Na sessão solene desse aniversário, foi orador oficial o Dr. José Manuel Leite, grande amigo da nossa Colectividade. Permitam-nos que aqui recordemos algumas das suas palavras a propósito do espectáculo da noite anterior. ‘… Venho-vos hoje falar de um génio! Esse génio era o dono da “Feira” que vimos ontem representar neste teatro – Gil Vicente – “Feira” essa que foi montada por esse outro homem genial que nos acostumou a pedir-lhe e a exigir-lhe cada vez mais. Um é Gil Vicente, o outro é José Ribeiro. Pouco me importa neste momento perder-me em considerações de juízo de valor entre os dois. O que me importa é dizer o que os dois fizeram, nas suas respectivas épocas, contextos sociais, políticos e económicos e as condições de trabalho de cada um. O que me interessa salientar nesta hora, é que sem o segundo – José Ribeiro – nós aqui em Tavarede não conhecíamos o primeiro – Gil Vicente.

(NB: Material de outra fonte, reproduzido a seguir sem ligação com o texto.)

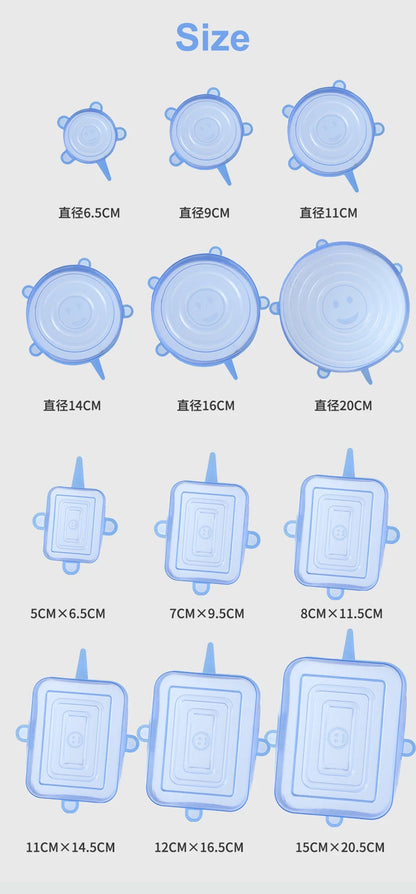 6pcs/set Silicone Covers Adaptable Silicone Lids Silicone Caps for Food Universal Dish Stretch Lids for Cans Kitchen Accessories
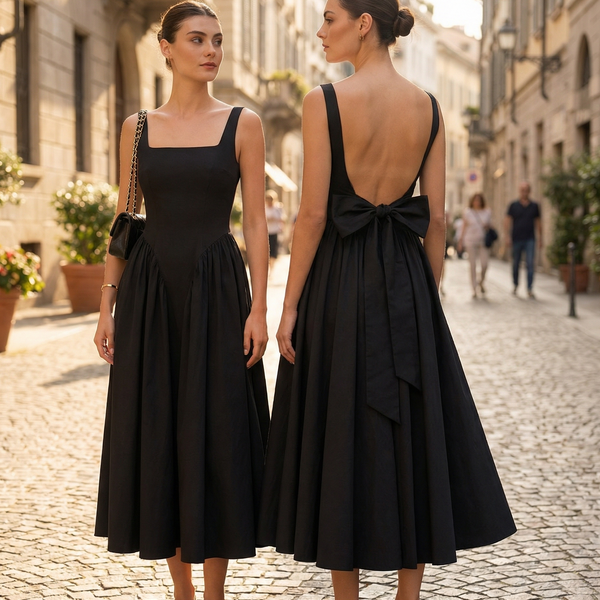 Luvia — Odette Backless Bow Midi Dress ✨🖤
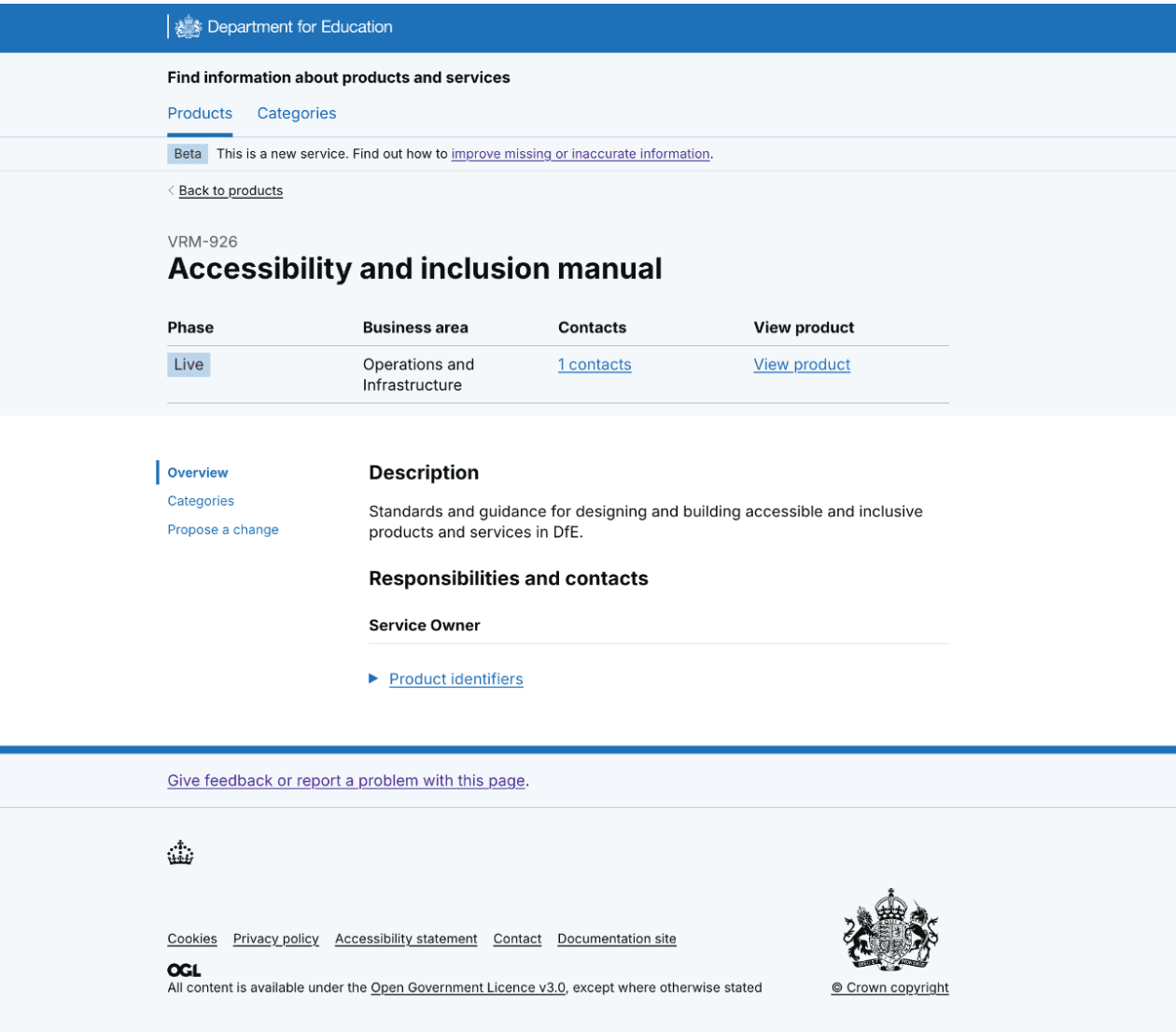 Screenshot of service overview page with contact details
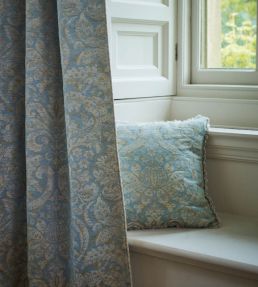 Knole Damask Fabric by Zoffany Stockholm Blue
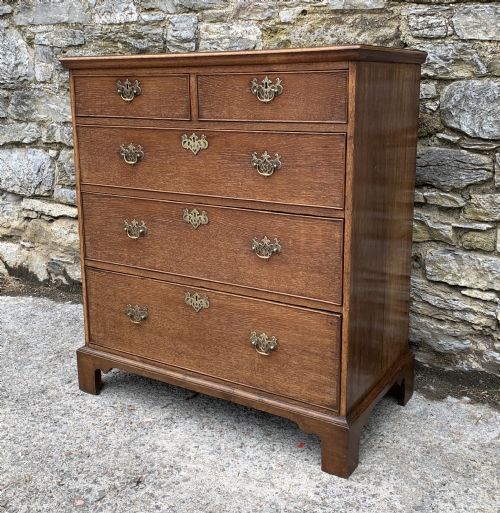 fig 2. Georgian Oak Crossbanded Chest of Drawers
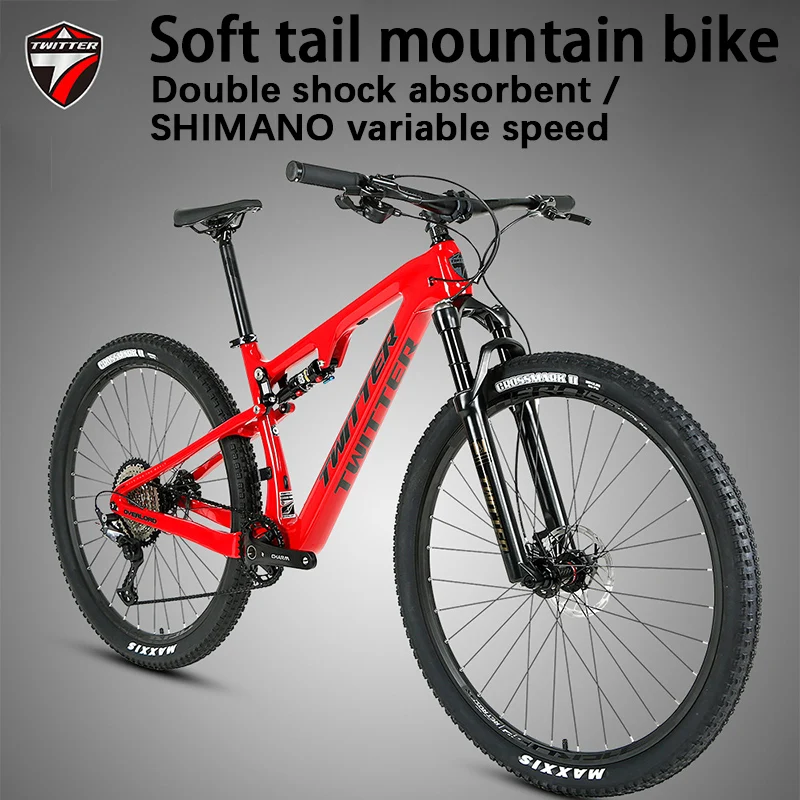 

OVERLORD Carbon Fiber Mountain Bike Hemano Variable Speed Mountain Bike Bike Soft Tail Dual Shock Absorbing Off-Road Mountain Bi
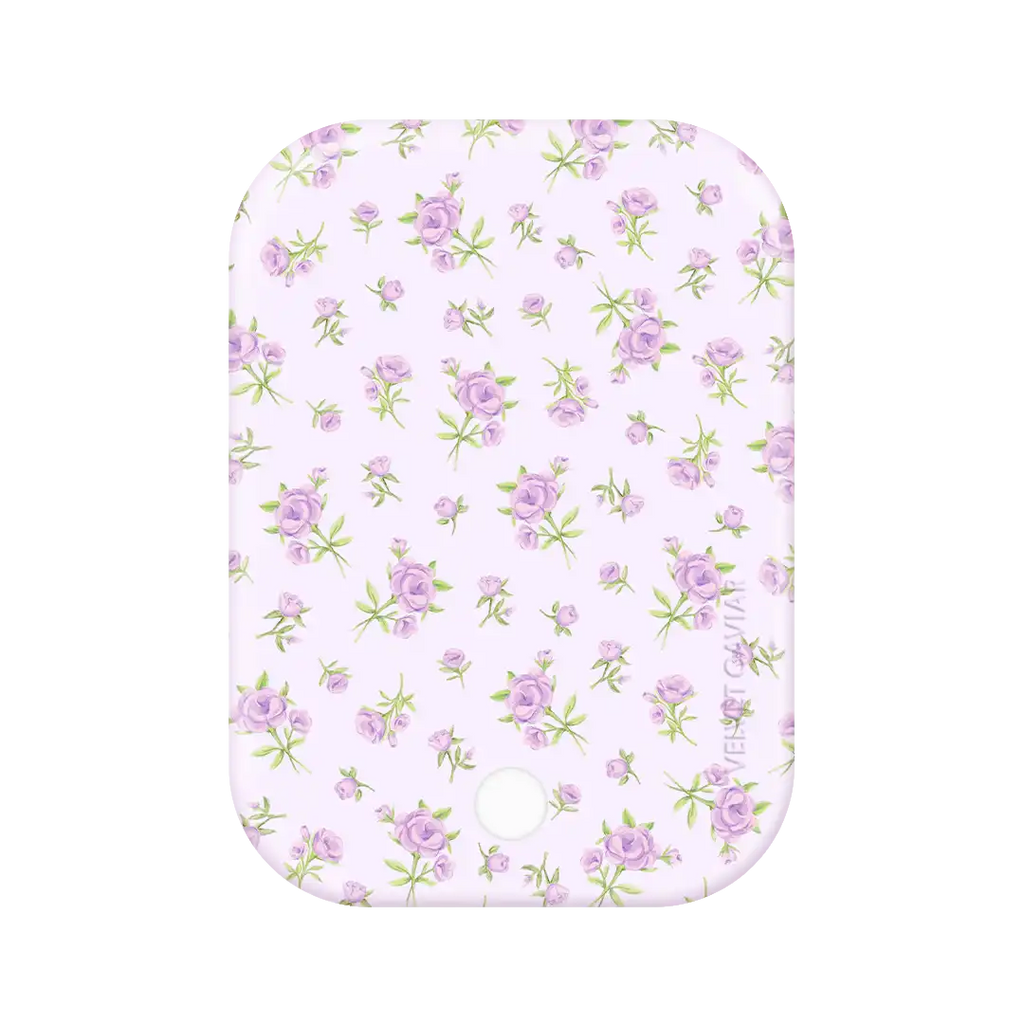 Dainty Lilac Floral Portable MagSafe Charger Power Pack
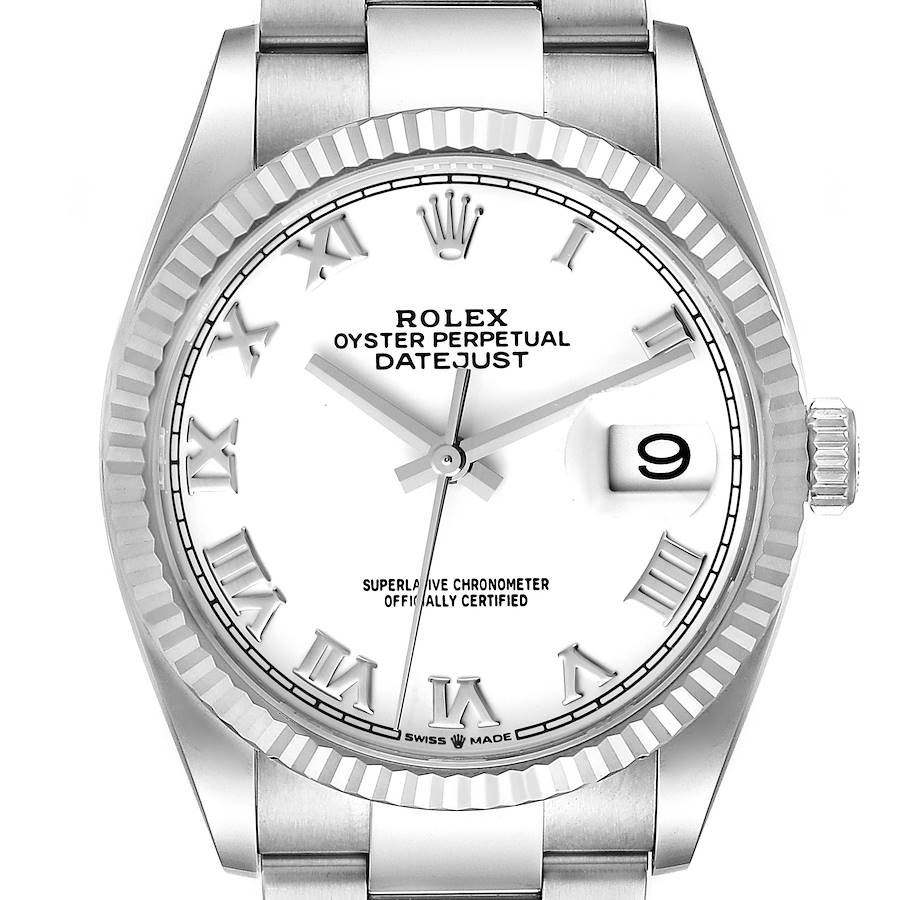 Rolex Datejust Steel White Gold White Dial Mens Watch 126234 Unworn SwissWatchExpo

O que tem que ser salientado é que Gil Vicente renascentista, acarinhado e protegido pela corte portuguesa nos alvores do Séc. XVI, chegou ontem (como já o havia feito em ocasiões anteriores) a este palco, e a estas gentes. E isto devemos a Mestre José Ribeiro. Bem haja!”. Mais adiante afirmou: “Não é do Mestre José Ribeiro que venho hoje aqui falar. É do outro génio, é do seu colega Mestre Gil. E se tenho o arrojo de o fazer, é para suprir a falta das suas tão belas introduções a que em anos passados nos habituou antes de levantar o pano. Penso ser importante que todos façamos um esforço de caminharmos para trás no tempo – só 500 anos! Vamos deixar por uns momentos as preocupações do custo de vida, a ameaça dos mísseis nucleares, da “cultura” televisiva dos folhetins brasileiros. Ainda que não saiamos do país, vamos até à corte de D. João III, no alvor do séc. XVI…”.